Segment Start: RECORDS FOR PROCESSING

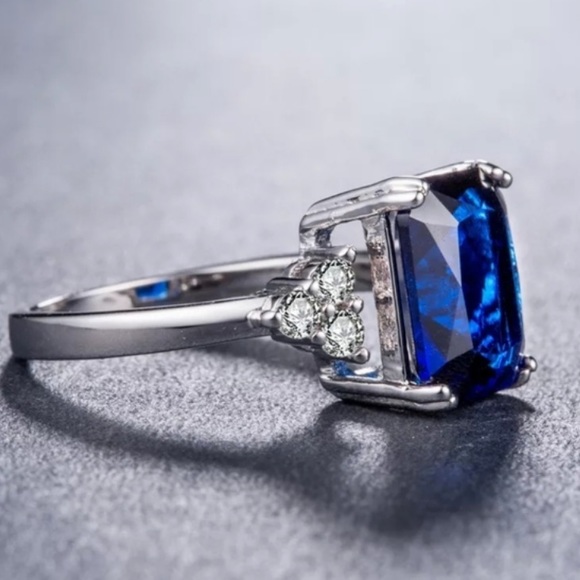 New stamped sterling silver blue sapphire ring - Picture 3 of 4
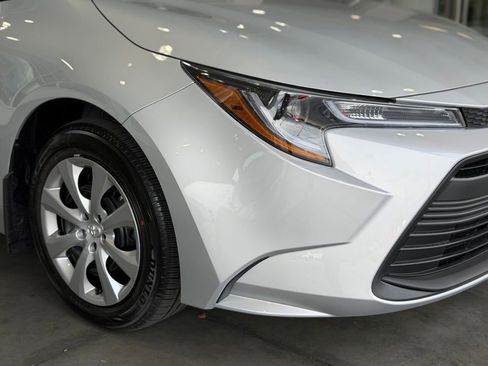 Used 2026 Toyota Corolla LE FWD image 9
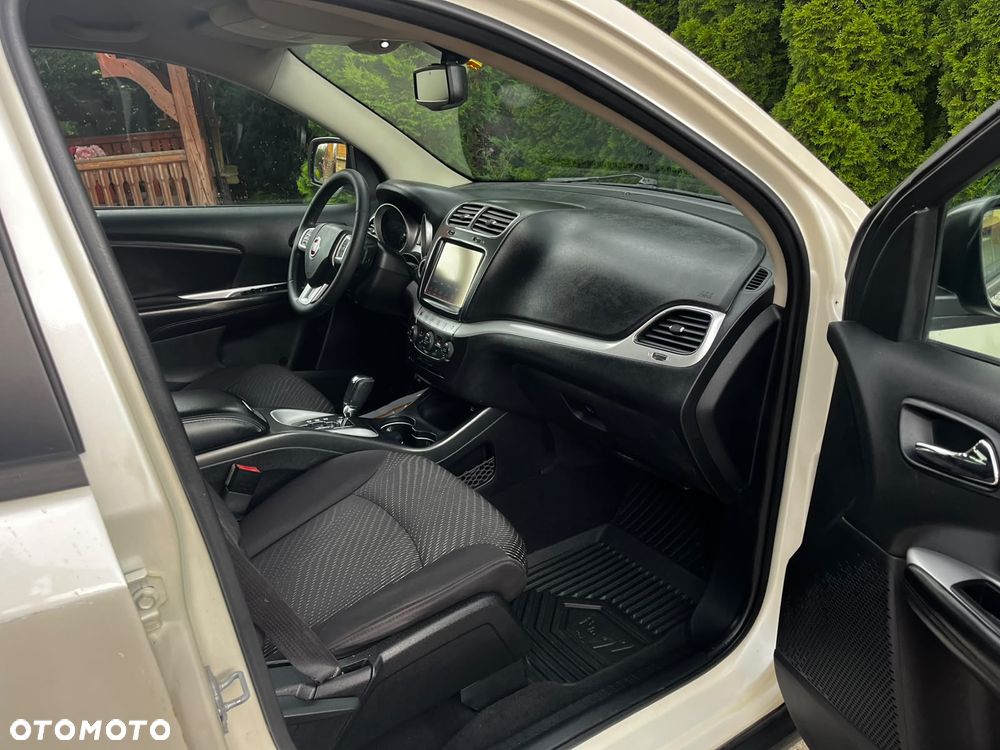 Fiat Freemont 2.0 Multijet Lounge AWD - 21
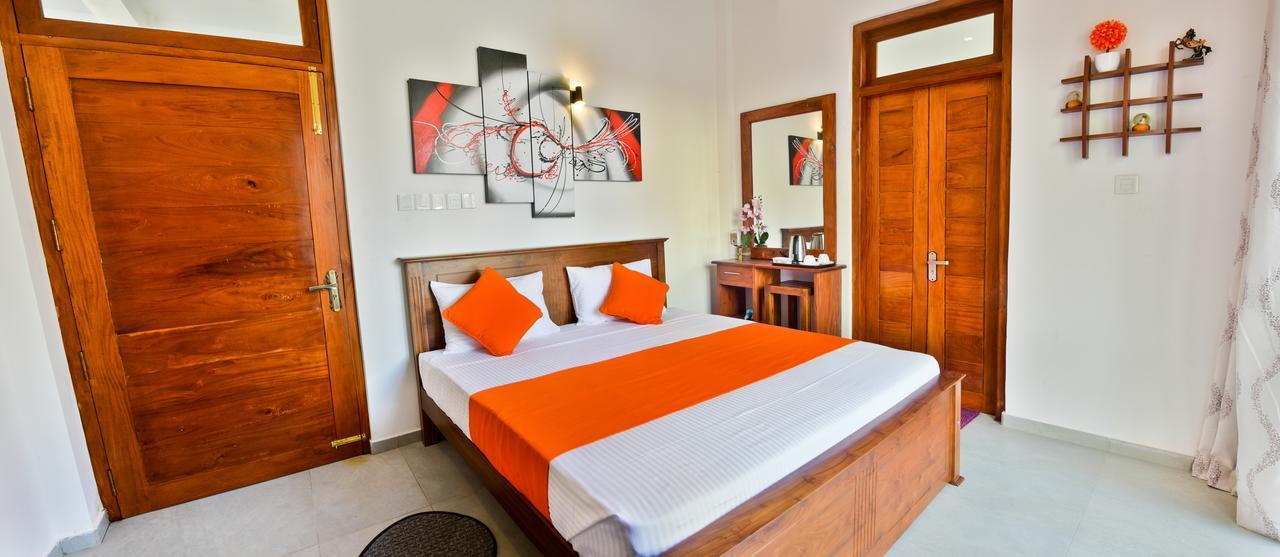 Rominrich Otel Hikkaduwa Dış mekan fotoğraf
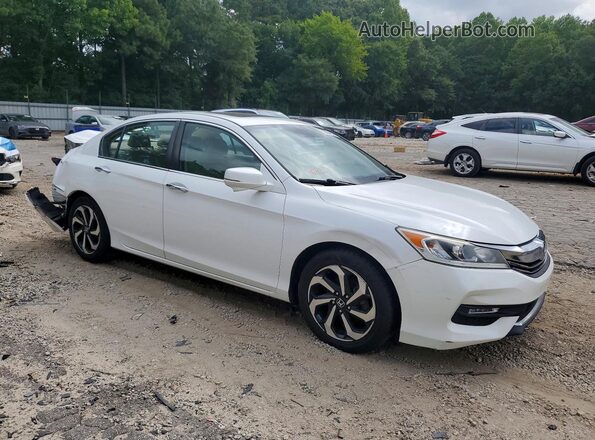 1HGCR2F98GA208881 2016 HONDA ACCORD Белый Передняя правая четверть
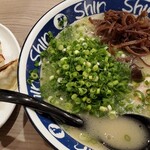 博多らーめん Shin-Shin - 餃子5個とラーメン、アルコールのセット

Segment End: RECORDS FOR PROCESSING

PROBLEM STATEMENT: Pictures do not go in the copy. Write out exactly the lines from the line containing "Rominrich Otel Hikkaduwa Dış mekan fotoğraf" through the last line of the listing.

REPLY:
 Rominrich Otel Hikkaduwa Dış mekan fotoğraf
 1HGCR2F98GA208881 2016 HONDA ACCORD Белый Передняя правая четверть
 博多らーめん Shin-Shin - 餃子5個とラーメン、アルコールのセット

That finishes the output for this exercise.